This is a key metric for assessing sustainability.
“To be a highly sustainable mode, e-scooters must have long lifespans that amortise their lifecycle impact over many passenger trips,” said the authors of the report.
Brightside therefore proposes a new methodology for calculating the lifespan of shared e-scooters using real-world data from operator Voi to model a fleet survival curve.
E-scooters are subject to more abuse than personally owned ones, and the analysis shows that the rate of vehicles lost or decommissioned increases over time due to wear and tear, a trend that must be incorporated into the model.
The proposed methodology models the fleet survival curve, adjusts for increases in decommission rates year over year, then identifies the point at which 50% of the total fleet is lost or decommissioned to find the average vehicle lifespan.
Using the model the authors estimate that Voi’s Voiager 4 e-scooter has a lifespan of 4.6 years for the frame and 3.7 years for each battery. This is about 5x longer than the vehicle modes used when Voi launched in 2018. Voi’s latest Voiager 5 has an estimated five year lifespan.
Brightside found that longer lifespans are largely attributable to improvements in vehicle design and circularity, including increasing the diameter of the neck and increasing the use of modular parts.

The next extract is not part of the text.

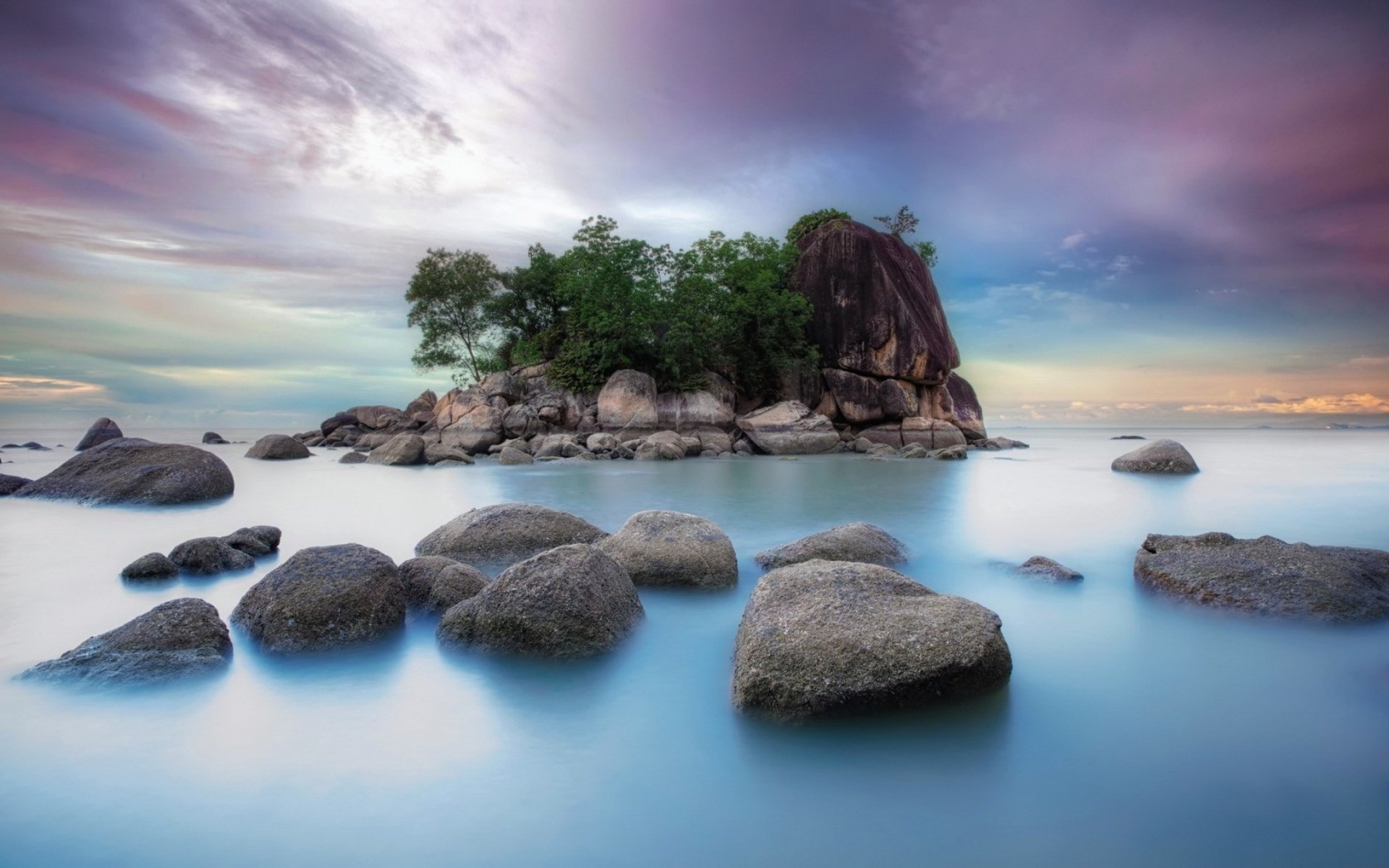 HD PC desktop wallpaper showcasing a serene island surrounded by calm water and scattered rocks under a colorful, cloudy sky, highlighting natural beauty.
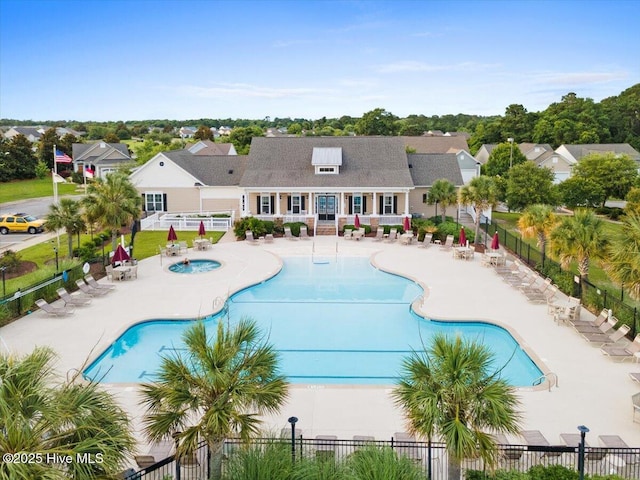 community pool featuring a patio, a community hot tub, fence, and a residential view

Proactive maintenance to ensure vehicles receive regular tune-ups also helps, as does GPS tech to improve vehicle retention.
Melinda Hanson, Founder and Principal at Brightside, told Zag Daily: “This report shows that Voi has put in the work to ensure their vehicles are long-lasting and that their service is sustainable.
“The data shows that the use of swappable batteries and modular parts have extended e-scooter lifespan significantly. Improvements in data collection – especially around battery management – could further improve the sustainability of shared electric micromobility.”